Le dossier de Rodgers remonte déjà à quelques années. L’individu de 44 ans a multiplié les démarches pour repousser les dates de représentations sur sentence. Pas plus tard que la semaine dernière, il avait refusé l’offre discutée entre les procureurs, ce qui a amené la juge Rouleau à demander l’intervention du criminaliste Fradette, car l’accusé se retrouvait sans avocat.

Rodgers a été reconnu coupable d’avoir touché la vulve de la jeune fille à quatre occasions. Il avait été reconnu coupable d’agressions sexuelles en 1996 et 1997 et de voies de fait causant des lésions en 1999. Il avait une peine de 16 mois de détention.

Au moment de prononcer la peine, la juge n’a pas été très tendre envers l’accusé. Elle lui a reproché les nombreux délais et les multiples remises au dossier (28 apparitions au tribunal).

« Vous avez une conscience élastique. Vous avez un comportement négligent. Vous avez agi pour votre satisfaction personnelle sans vous soucier des autres. Le reste a peu d’importance. Il n’y a aucun facteur atténuant dans votre dossier. Rien ne me démontre qu’il y a un début de réhabilitation », lance la juge Rouleau. 

« Vous avez tout fait pour retarder votre dossier. La victime a de la misère en grande partie en raison de ce qu’elle a vécu. J’espère que vous allez profiter de votre période d’incarcération pour faire le bilan de votre vie », a poursuivi la juge. 

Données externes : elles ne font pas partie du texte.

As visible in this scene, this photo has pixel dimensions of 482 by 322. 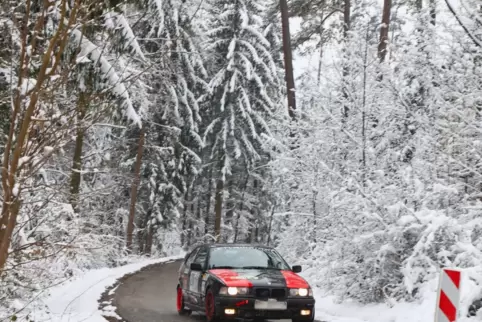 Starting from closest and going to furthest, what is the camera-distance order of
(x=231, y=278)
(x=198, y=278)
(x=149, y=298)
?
(x=231, y=278)
(x=198, y=278)
(x=149, y=298)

Jeudi, au moment du prononcé de la sentence, la victime n’était pas présente pour la détermination de la peine. Elle avait pourtant été là à six autres occasions auparavant. 

Mais la dernière remise a été la goutte qui a fait déborder le vase. Les responsables du centre jeunesse, où elle se trouve, ont d’abord voulu la protéger.

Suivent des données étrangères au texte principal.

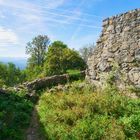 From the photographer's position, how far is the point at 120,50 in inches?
654

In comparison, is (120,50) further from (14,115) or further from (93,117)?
(14,115)

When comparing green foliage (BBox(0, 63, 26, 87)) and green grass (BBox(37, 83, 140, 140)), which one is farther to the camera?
green foliage (BBox(0, 63, 26, 87))

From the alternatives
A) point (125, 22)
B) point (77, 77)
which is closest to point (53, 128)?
point (125, 22)

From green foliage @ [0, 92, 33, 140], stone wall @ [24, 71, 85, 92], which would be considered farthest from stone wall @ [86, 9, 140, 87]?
stone wall @ [24, 71, 85, 92]

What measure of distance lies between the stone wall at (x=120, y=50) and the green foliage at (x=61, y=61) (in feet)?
88.1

« La victime se trouve actuellement dans une phase suicidaire. Elle aurait voulu lire elle-même la déclaration de victime, mais les intervenants ont préféré la garder avec eux pour sa propre sécurité. Elle s’est désorganisée à la suite d’une autre remise de la cause », a précisé Me Bourget.

« Je trouve toute cette affaire difficile à vivre. J’ai de la difficulté à me trouver un amoureux, car j’ai peur de me faire toucher. J’ai perdu confiance en moi, car cet homme a mis ma vie en miettes. Je trouve ça dégueulasse ce qu’il m’a fait vivre », a écrit la jeune femme.

Attendre

Avant de prendre le chemin du bloc cellulaire, Rodgers s’est adressée à la juge Rouleau. Il avait une demande à lui faire.

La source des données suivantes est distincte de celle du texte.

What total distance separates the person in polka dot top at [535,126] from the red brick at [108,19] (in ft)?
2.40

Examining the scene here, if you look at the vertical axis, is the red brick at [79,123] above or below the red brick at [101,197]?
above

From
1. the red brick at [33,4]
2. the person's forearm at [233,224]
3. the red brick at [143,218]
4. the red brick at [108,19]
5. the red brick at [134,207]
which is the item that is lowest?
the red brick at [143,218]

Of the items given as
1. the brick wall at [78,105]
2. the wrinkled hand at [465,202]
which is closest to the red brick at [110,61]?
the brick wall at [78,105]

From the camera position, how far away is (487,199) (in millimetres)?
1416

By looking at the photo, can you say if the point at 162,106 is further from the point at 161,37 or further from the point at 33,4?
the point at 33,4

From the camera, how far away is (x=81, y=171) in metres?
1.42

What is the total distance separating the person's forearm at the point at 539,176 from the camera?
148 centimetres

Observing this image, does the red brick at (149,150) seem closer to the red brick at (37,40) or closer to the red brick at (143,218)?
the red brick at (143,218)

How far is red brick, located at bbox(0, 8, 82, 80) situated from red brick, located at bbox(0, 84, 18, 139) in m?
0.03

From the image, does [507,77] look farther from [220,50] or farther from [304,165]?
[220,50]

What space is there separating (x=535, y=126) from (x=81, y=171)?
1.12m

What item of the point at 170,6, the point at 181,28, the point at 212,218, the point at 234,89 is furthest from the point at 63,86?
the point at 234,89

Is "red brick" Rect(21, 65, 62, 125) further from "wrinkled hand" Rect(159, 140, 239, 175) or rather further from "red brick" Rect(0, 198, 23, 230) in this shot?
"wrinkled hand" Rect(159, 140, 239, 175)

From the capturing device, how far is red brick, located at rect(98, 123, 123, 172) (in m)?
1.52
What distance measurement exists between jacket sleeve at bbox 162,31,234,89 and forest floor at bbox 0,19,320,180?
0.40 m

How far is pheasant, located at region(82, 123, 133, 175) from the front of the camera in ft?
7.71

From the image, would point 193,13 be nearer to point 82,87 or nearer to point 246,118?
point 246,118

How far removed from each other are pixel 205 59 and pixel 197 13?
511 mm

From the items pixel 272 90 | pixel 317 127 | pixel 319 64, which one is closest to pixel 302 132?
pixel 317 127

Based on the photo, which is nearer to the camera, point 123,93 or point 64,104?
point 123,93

« Est-ce que je pourrais retarder mon entrée en prison le temps que je puisse bien préparer ma famille. Ça n’avait pas été facile, ce fut même le bordel la dernière fois, lorsque je suis allé en prison la première fois », a-t-il demandé.

La juge Rouleau a refusé. Elle a précisé qu’elle ne pouvait pas parce que l’accusé a volontairement retardé les démarches, qu’il a changé d’avocat en cours de route et qu’il a omis de se présenter à la Cour à une reprise.

« Votre dernière remise a achevé la tolérance de la victime. Vous avez fait fi des ordonnances du tribunal dans le passé », a tranché la juge Rouleau.

La juge a dû lui demander s’il avait quelque chose à dire à la victime. Rodgers a indiqué qu’il regrettait et qu’il n’avait pas voulu que ça se rende jusque-là.

Rodgers ne pourra posséder d’armes pour 10 ans, devra être inscrit au registre des délinquants sexuels pour la balance de ses jours et devra fournir un échantillon d’ADN.